Euro-American explorers and settlers noted the fine craftsmanship of Chinook baskets. James Swan described highly ornamented and ”handsome” baskets. Forty years earlier, around 1810 Alexander Ross observed:

“The women, when not employed in their domestic labor, are generally occupied in curing fish, collecting roots, and making mats and baskets; the latter of various sizes and different shapes, are made of the roots of certain shrubs, which are flexible and strong, and they are capable of containing any liquid. In this branch of industry they excel among Indian tribes.”

Archaeology provides additional clues about the importance of basketry to the Chinook. Because organic materials, like the cedar bark used for making baskets, rot in soil, they are not common in the archaeological record. But sometimes underground water preserves organic material , such as when archaeologists found the remains of a cedar bark basket, The “Sunken Village” basket, on Oregon’s Sauvie Island in 2006.

Contemporary weavers are also important sources of information about basketry. Chinookan women typically passed basket weaving knowledge from generation to generation. Bessie Pickernell, Mildred Lagergren, and Ellen Fuller have passed on important basketry knowledge to Chinook peoples in the twentieth century. Oral instruction handed down through the generations helped them and contemporary artists like Pat Courtney Gold (Wasco Chinookan) to reproduce ancient techniques, and thus shape their own cultural statements.

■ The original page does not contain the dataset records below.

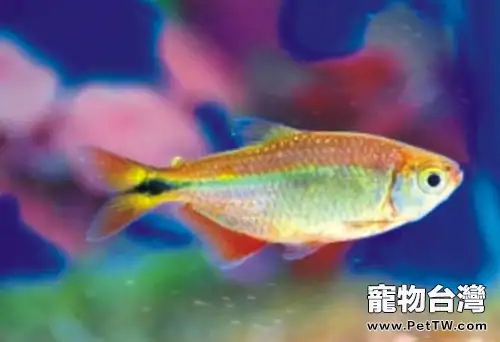 黑十字魚的外形特點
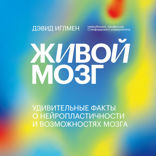 Живой мозг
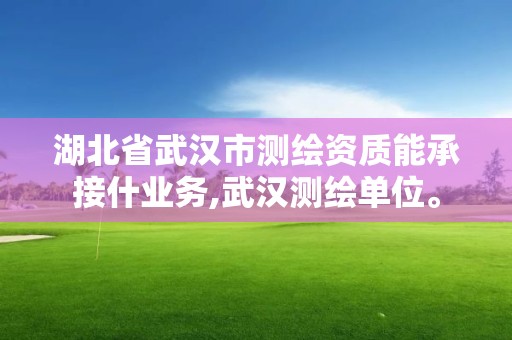 湖北省武汉市测绘资质能承接什业务,武汉测绘单位。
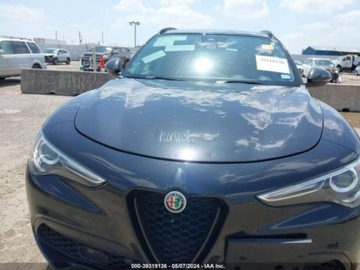 Alfa Romeo Stelvio SUV 2.0 Turbo 280KM 2019 Alfa Romeo Stelvio 2019 Alfa Romeo Stelvio Ti AWD 2.0 Benzyna 280KM, zdjęcie 7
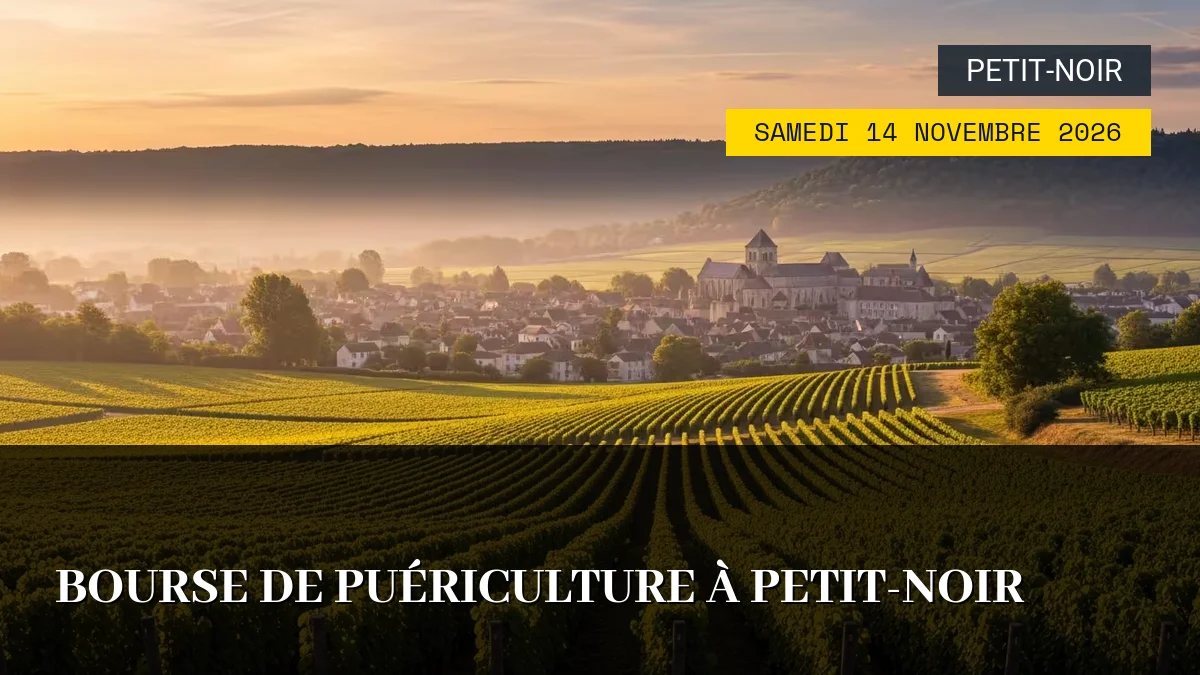 Affiche de l'événement : Bourse de Puériculture à Petit-Noir – Samedi 14 Novembre 2026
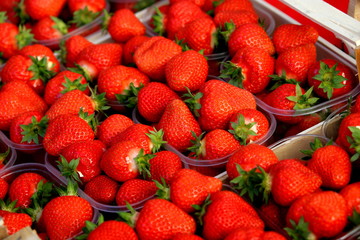 vaschette di fragole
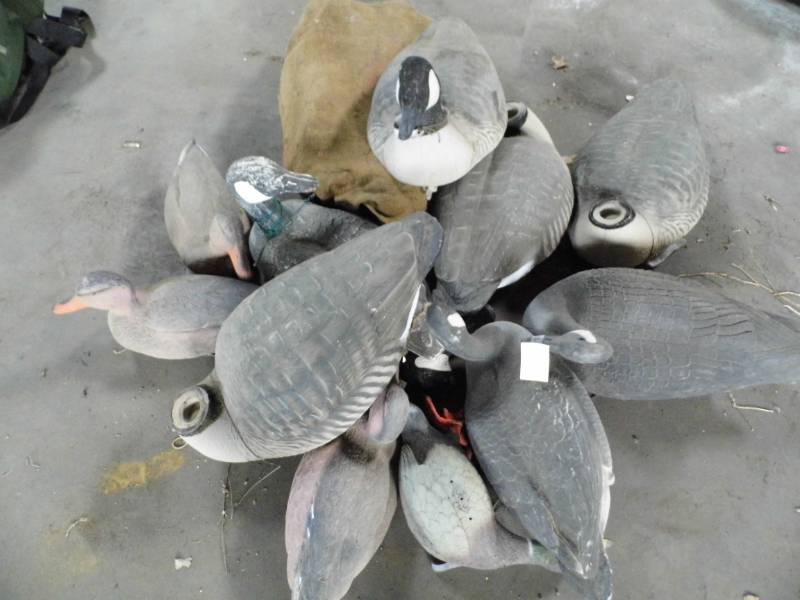 lot 205 image: Assorted Goose Decoys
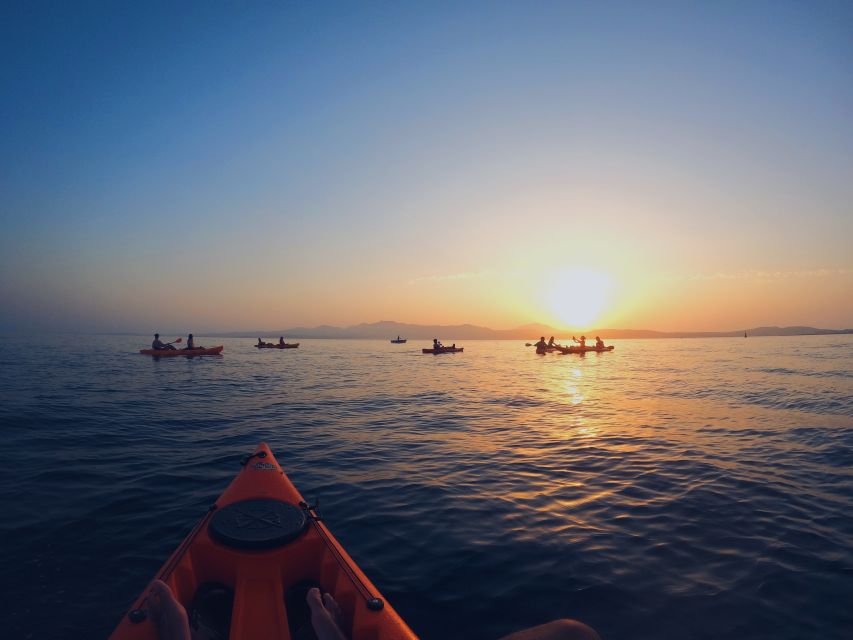 Golfo Aranci: Kayak Tour with Dolphins and Aperitif - Price and value: is $53 fair for 2.5 to 3 hours?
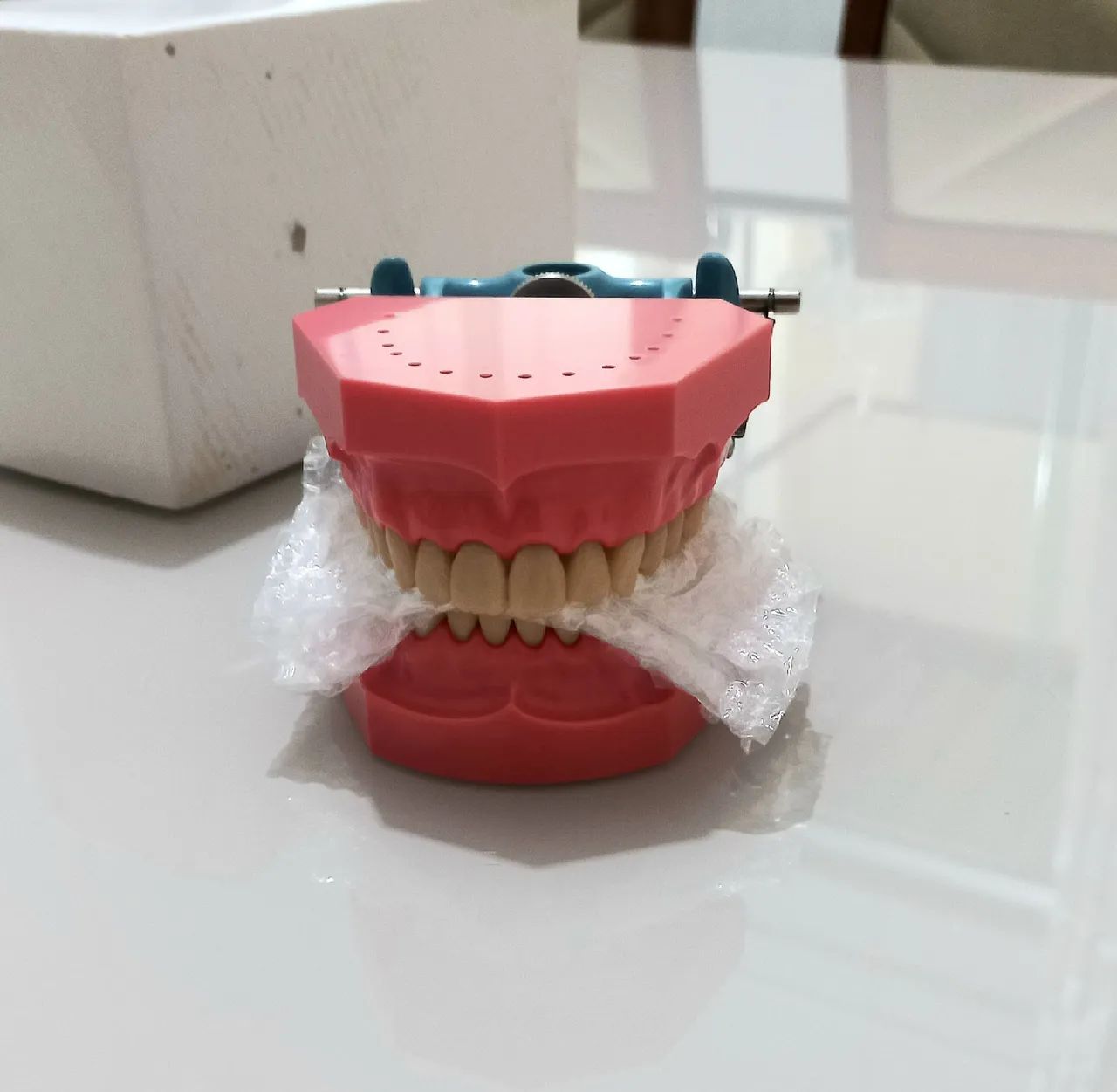 Manequim odontológico articulado - Foto 3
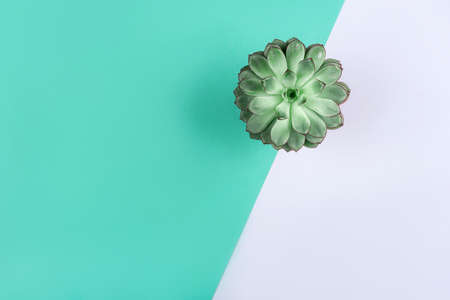 Beautiful green succulent on mint background. Flat lay, top view. Copy space for your text.の写真素材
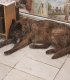 Добро куче си търси човек с голямо сърце
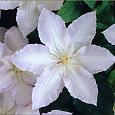 Клематис крупноцветковый Глэдис Пикард Клематис крупноцветковый Глэдис Пикард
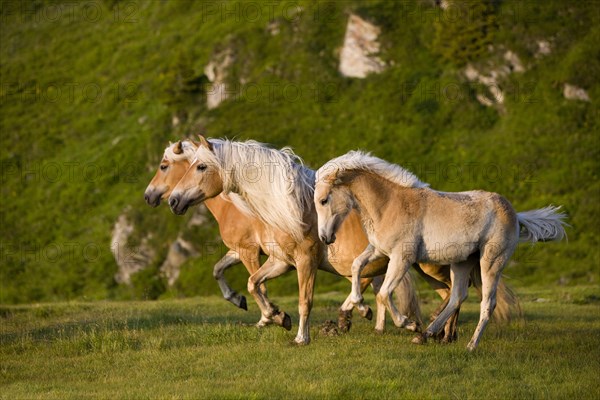 Haflinger horses on pasture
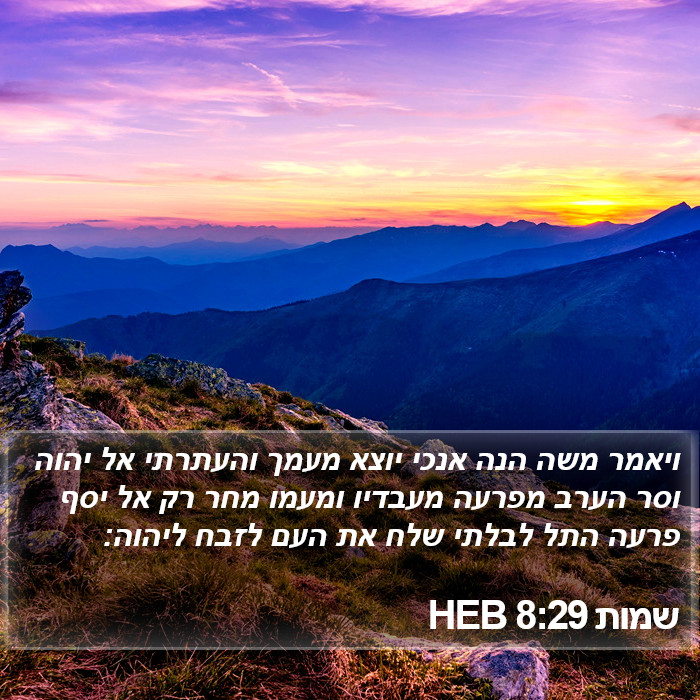 שמות 8:29 HEB Bible Study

They, in turn, have passed that knowledge to other Chinookan peoples and to multiple institutions responsible for preserving history.


 

Sources:

  • Mercer, Bill. People of the River: Native Arts of the Oregon Territory. Portland, OR: Portland Art Museum, 2005.
  • Moulton, Gary, ed. The Journals of the Lewis and Clark Expedition, 1803-1806. University of Nebraska Press, 2003.
  • Ross, Alexander. Adventures of the First Settlers on the Columbia River: Being A Narrative of the Expedition Fitted out by John Jacob Astor to Establish the Pacific Fur Company, with an Account of Some of the Indian Tribes on the Coast of the Pacific. London: Smith, Elder and Company, 65, Cornhill,1849 .
  • Strong, Anna May. Interview by  Margaret Payne, Katy Barber, and Melissa Swank. January 29, 2012. Raymond, Washington. Transcribed by Katy Barber, July 13, 2012
  • Swan, James. The Northwest Coast; or Three Years’ Residence in Washington Territory. New York: Harper and Brothers, 1857.